When you get multiple languages floating around in your attentively expressive brain, things can get quite mixed up in terms of expected and perceived linguistic information. You hear things you couldn’t. You say things you shouldn’t. Linguists call it “code-switching” when individuals from multilingual switch intentionally and unintentionally between different languages.

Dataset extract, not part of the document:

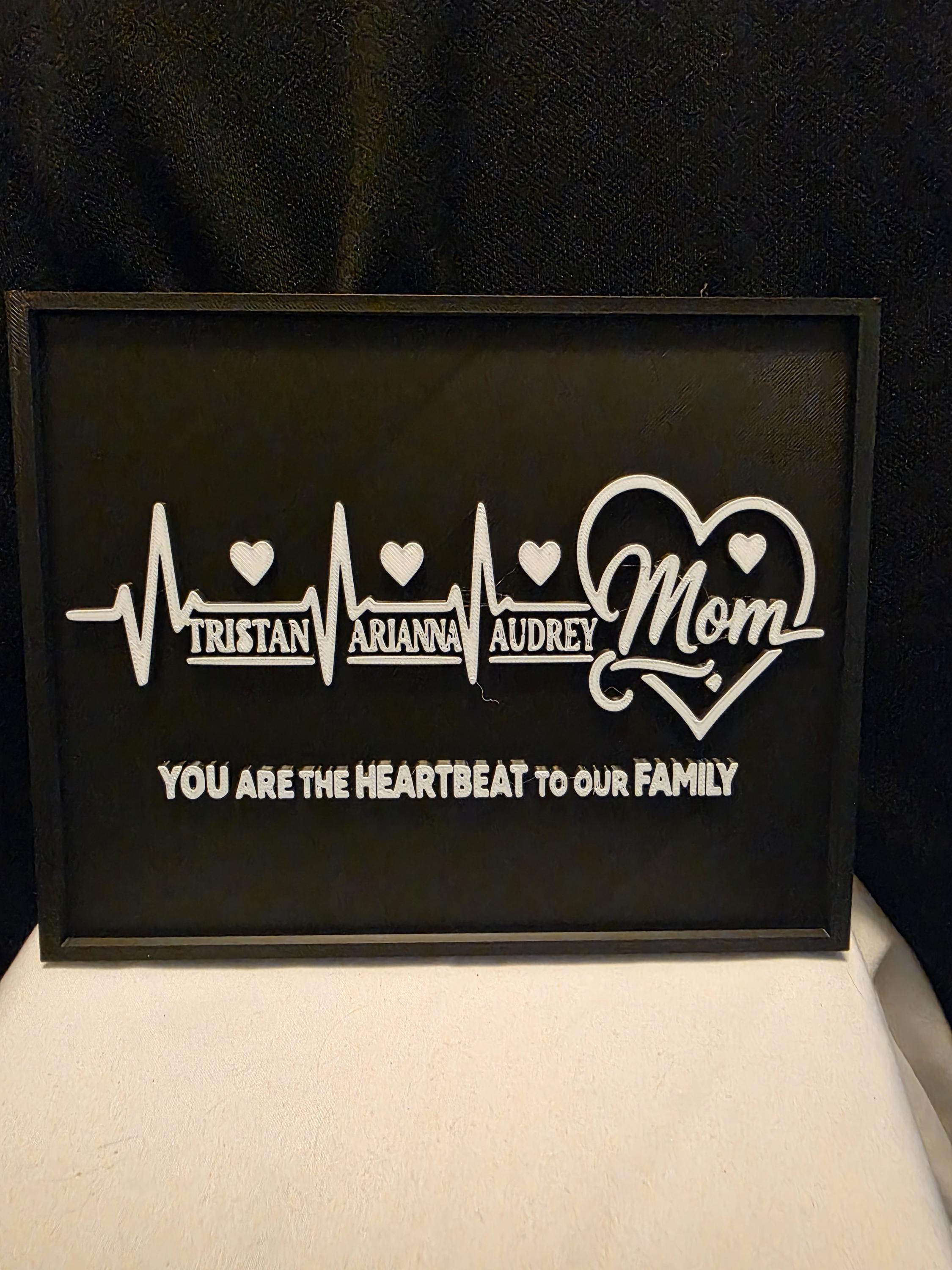 Personalized Mom Heartbeat Plaque, Custom Names Sign, Mother’s Day Gift, Family Name Sign, 3D Printed Wall Decor, Gift for Mom, 8x6 Sign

Since arriving in China, I’ve been haunted the meaningful sounds of the French language. While it had taken years to turn French noise into a flow of meaning, this conceptual framework had also turned into my default switch for Chinese. I had been obsessed and engrossed for several years by a French life and “self” that these initial weeks in China often sounded to me like it was largely French. I was often hearing familiar French when it should have been foreign Chinese. The fragmented discourses crawling from the street through my window often felt to me as though it was French. My passive mind simply turned it into something that made sense, because clearly there was meaning to be had. I still struggle sometimes with this mental switch. When I speak, I often drop French connectors instead of their Chinese equivalent. For example, a random ten minute conversation in French can throw off my switches for several hours. I hesitate greeting people in French instead of Chinese and their voices are suddenly too understandable to be have been correctly heard.

Languages overlap. Some people overlap with languages. I grew up in one language. I was able to train my brain to hear French. I’m currently trying this process with Chinese. All of these languages allow me a rich conceptual framework but also give me certain degree of skepticism when it comes to what I hear and what I think I hear.

It’s past midnight. I’m chatting online in half-Chinese, half-English. This is the future: we can chat with someone halfway across the globe, but we’ll still probably chat and facebook and link-up with the people that are largely near to us. At this hour, here I am chatting with someone less than hour away. But we’ve never met in person.

She’s twenty something. Or so she says. She’s found me through some sort of connection. We’ve chatted before. She asks me what music I like. I mention generalities: French rap, alternative music, Chinese pop music, indie rock, etc. She laughs and asks if I know the song “Hey Oh.” A connection is drawn to an imagined reality. In an instant, she’s sent me the song.

A double click. I’m listening. An American hearing a French pop rap song in China.

Half a world away in either direction: France, USA, and China. Across the foreign and familiar through different times, places, and languages, the unmistakably heard on a crackled cellphone speaker; the unexpected heard sung from a Chinese voice. A French pop rap song I had sung myself with the windows down while road tripping in the Southwest United States. In the end, I found that my skepticism was unfounded, my hesitating was unmistaking, and the unexpected—my unexpected—had been heard unmistakably.